Forwarding or merging 'this' into a child class to aid chaining methods?

[Steven Schveighoffer]

On Thu, 06 Mar 2014 14:04:48 -0500, Gary Willoughby <dev at nomad.so> wrote:

> I'm trying to create methods across class hierarchies that can be  
> chained nicely but i'm running into the problem that 'this' declared in  
> a parent class only refers to that type. Is there a way i can get the  
> following code to perform in the way i expect?
>
> import std.stdio;
>
> class Foo
> {
> 	public auto foo()
> 	{
> 		return this;
> 	}
> }
>
> class Bar : Foo
> {
> 	public auto bar()
> 	{
> 		return this;
> 	}
> }
>
> void main(string[] args)
> {
> 	Bar bar = new Bar().bar().foo();
> }
>
> test2.d(21): Error: cannot implicitly convert expression ((new  
> Bar).bar().foo()) of type test2.Foo to test2.Bar
> Failed: 'dmd' '-v' '-o-' 'test2.d' '-I.'
>
> How can i make the above marked 'this' refer to Bar when being called in  
> a chain? When i call the methods like this each method call seems to  
> implicitly convert 'this' into that method's containing class' instance,  
> breaking the code and sometimes hiding child methods.

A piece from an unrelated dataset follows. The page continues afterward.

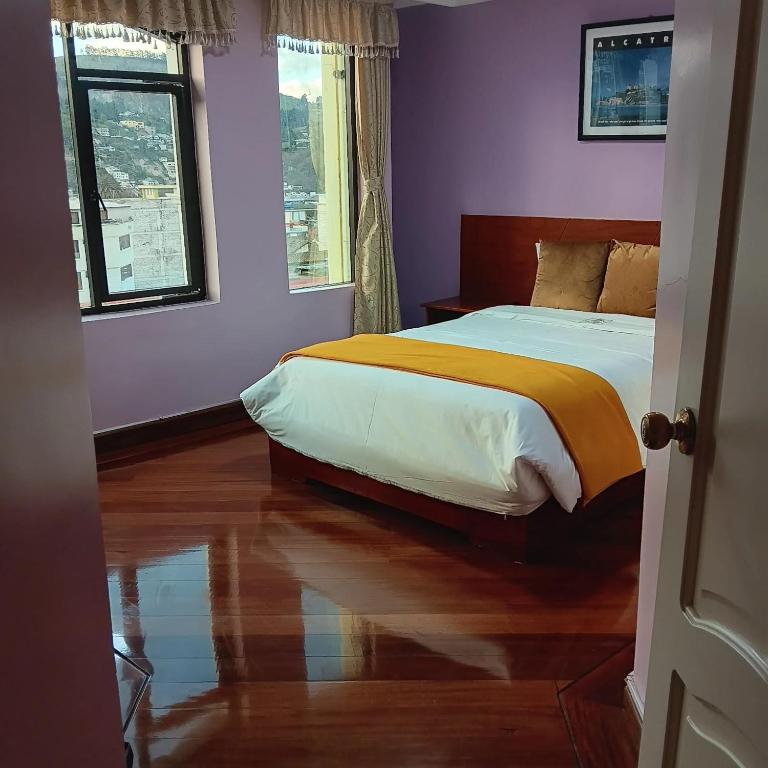 Postel nebo postele na pokoji v ubytování HOTEL MADURAI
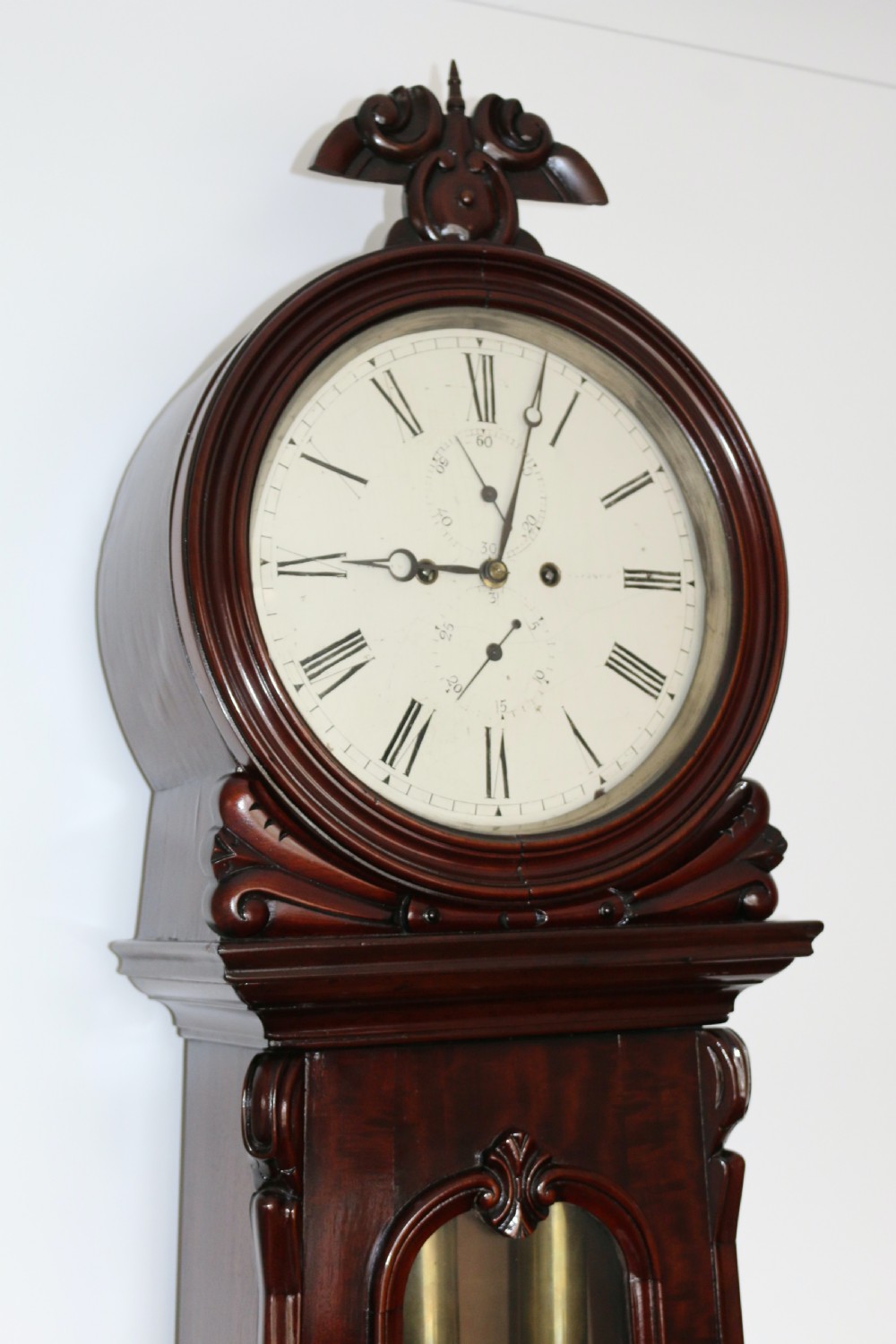 A tall flame mahogany Scottish regulator longcase clock featuring a circular white painted dial, carved top scrollwork, and a glazed door showing brass weights. View III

There are two possibilities.

First, you can create a non-virtual function, which can be templated on  
the type called with:

T foo(this T)() // T == whatever type you called the method as.
{
    return cast(T)this; // the cast is necessary because inside foo, 'this'  
is base class type
}

Second, you can override the function in subsequent classes:

class Bar : Foo
{
    public auto foo() { return this;}
}

And of course, if you just want to inherit the implementation:

public auto foo() { return cast(Foo)super.foo();}

This gets tricky if you are not certain of the base implementation. If it  
could ever return a "Foo" that is not actually 'this', then the function  
will likely not work correctly.

I had proposed, a long time ago, a mechanism to note that a function  
should always return 'this', and the compiler could take that into account  
(enforce it, and make assumptions based on the type called with). The  
response I got was to use the template form.

-Steve